_EXERCISE REQUIREMENTS_:
Return only the stretch of the material below that begins with the line containing "Run of House" and ends with the line containing "Le Grand Bestiaire", exactly; both of those lines belong to it.

_RECORD EXCERPTS_:
· · ·

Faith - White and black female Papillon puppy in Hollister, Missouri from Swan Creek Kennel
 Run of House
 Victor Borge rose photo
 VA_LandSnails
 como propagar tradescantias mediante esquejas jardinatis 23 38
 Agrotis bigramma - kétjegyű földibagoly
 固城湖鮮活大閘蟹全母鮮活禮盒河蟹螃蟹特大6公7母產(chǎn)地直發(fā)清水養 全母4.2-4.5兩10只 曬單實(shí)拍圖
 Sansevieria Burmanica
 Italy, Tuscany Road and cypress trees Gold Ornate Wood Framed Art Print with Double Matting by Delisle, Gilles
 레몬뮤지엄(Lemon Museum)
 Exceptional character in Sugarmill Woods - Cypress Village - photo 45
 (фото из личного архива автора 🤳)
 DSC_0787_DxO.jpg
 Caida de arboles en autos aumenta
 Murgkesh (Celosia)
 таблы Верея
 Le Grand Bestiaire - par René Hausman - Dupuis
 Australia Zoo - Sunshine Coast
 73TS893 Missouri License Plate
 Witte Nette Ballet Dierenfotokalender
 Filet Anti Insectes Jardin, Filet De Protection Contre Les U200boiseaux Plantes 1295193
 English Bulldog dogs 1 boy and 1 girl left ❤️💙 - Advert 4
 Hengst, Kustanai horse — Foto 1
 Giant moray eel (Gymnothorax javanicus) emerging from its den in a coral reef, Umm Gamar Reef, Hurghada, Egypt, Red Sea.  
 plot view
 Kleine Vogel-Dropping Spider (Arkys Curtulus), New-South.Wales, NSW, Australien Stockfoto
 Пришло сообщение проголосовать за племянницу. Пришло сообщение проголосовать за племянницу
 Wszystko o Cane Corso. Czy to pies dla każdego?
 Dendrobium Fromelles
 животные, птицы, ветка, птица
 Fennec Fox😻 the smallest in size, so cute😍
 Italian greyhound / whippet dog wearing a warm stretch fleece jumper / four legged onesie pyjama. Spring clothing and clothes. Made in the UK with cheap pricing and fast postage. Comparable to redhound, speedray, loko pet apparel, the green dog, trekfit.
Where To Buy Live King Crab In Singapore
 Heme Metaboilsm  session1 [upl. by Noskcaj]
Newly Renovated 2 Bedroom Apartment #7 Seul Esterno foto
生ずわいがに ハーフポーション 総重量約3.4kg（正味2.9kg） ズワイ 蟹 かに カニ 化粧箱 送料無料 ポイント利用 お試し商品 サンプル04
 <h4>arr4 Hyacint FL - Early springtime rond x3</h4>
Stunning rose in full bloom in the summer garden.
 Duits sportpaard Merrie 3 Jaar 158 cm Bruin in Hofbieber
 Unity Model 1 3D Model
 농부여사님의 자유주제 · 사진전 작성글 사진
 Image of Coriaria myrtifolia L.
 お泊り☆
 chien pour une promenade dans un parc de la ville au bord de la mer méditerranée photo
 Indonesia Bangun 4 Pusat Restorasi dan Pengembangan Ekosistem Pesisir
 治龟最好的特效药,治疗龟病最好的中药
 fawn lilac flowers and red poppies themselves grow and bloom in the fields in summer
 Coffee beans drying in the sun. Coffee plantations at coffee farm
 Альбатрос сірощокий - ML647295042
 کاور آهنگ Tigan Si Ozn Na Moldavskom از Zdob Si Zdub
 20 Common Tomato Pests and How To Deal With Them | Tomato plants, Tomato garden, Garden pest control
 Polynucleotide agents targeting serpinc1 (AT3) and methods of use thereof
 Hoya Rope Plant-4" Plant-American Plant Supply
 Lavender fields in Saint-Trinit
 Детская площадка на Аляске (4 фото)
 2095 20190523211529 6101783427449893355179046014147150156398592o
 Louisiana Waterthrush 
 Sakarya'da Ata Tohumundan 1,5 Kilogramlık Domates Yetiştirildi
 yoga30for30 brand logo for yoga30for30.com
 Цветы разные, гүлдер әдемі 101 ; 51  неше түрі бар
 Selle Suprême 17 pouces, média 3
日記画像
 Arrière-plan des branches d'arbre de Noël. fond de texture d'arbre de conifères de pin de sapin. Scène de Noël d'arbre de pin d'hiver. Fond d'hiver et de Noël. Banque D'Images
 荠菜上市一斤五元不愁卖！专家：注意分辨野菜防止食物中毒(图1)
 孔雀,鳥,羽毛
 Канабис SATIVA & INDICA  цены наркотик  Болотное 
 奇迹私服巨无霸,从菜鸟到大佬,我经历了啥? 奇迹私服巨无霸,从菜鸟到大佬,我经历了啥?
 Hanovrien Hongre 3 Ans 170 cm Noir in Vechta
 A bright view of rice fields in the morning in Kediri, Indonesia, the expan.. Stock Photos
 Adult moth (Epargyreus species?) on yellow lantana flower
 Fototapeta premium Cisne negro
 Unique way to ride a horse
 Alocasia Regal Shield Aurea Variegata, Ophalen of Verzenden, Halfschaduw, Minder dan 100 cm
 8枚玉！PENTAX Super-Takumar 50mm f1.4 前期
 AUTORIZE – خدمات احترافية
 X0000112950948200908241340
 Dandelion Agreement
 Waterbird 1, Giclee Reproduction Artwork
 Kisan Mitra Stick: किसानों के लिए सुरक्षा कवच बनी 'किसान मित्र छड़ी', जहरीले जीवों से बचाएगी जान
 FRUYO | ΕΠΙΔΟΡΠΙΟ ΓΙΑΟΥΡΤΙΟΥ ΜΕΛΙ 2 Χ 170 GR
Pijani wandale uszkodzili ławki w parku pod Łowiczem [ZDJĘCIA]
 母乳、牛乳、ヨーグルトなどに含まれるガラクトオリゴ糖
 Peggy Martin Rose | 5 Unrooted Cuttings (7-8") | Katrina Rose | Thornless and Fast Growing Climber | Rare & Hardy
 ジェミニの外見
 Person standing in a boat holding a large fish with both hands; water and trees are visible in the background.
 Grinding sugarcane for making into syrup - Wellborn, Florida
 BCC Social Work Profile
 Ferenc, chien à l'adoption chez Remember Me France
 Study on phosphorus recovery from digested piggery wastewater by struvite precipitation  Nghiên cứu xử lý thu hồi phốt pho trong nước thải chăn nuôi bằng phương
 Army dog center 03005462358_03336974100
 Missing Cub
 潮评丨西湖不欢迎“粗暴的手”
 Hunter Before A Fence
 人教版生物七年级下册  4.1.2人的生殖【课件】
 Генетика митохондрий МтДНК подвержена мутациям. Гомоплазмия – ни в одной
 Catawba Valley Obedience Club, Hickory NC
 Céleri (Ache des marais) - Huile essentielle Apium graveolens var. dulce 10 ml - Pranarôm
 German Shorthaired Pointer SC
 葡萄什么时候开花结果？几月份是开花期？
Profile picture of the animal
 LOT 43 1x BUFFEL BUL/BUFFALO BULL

· · ·

_RESULT BELOW_:
 Run of House
 Victor Borge rose photo
 VA_LandSnails
 como propagar tradescantias mediante esquejas jardinatis 23 38
 Agrotis bigramma - kétjegyű földibagoly
 固城湖鮮活大閘蟹全母鮮活禮盒河蟹螃蟹特大6公7母產(chǎn)地直發(fā)清水養 全母4.2-4.5兩10只 曬單實(shí)拍圖
 Sansevieria Burmanica
 Italy, Tuscany Road and cypress trees Gold Ornate Wood Framed Art Print with Double Matting by Delisle, Gilles
 레몬뮤지엄(Lemon Museum)
 Exceptional character in Sugarmill Woods - Cypress Village - photo 45
 (фото из личного архива автора 🤳)
 DSC_0787_DxO.jpg
 Caida de arboles en autos aumenta
 Murgkesh (Celosia)
 таблы Верея
 Le Grand Bestiaire - par René Hausman - Dupuis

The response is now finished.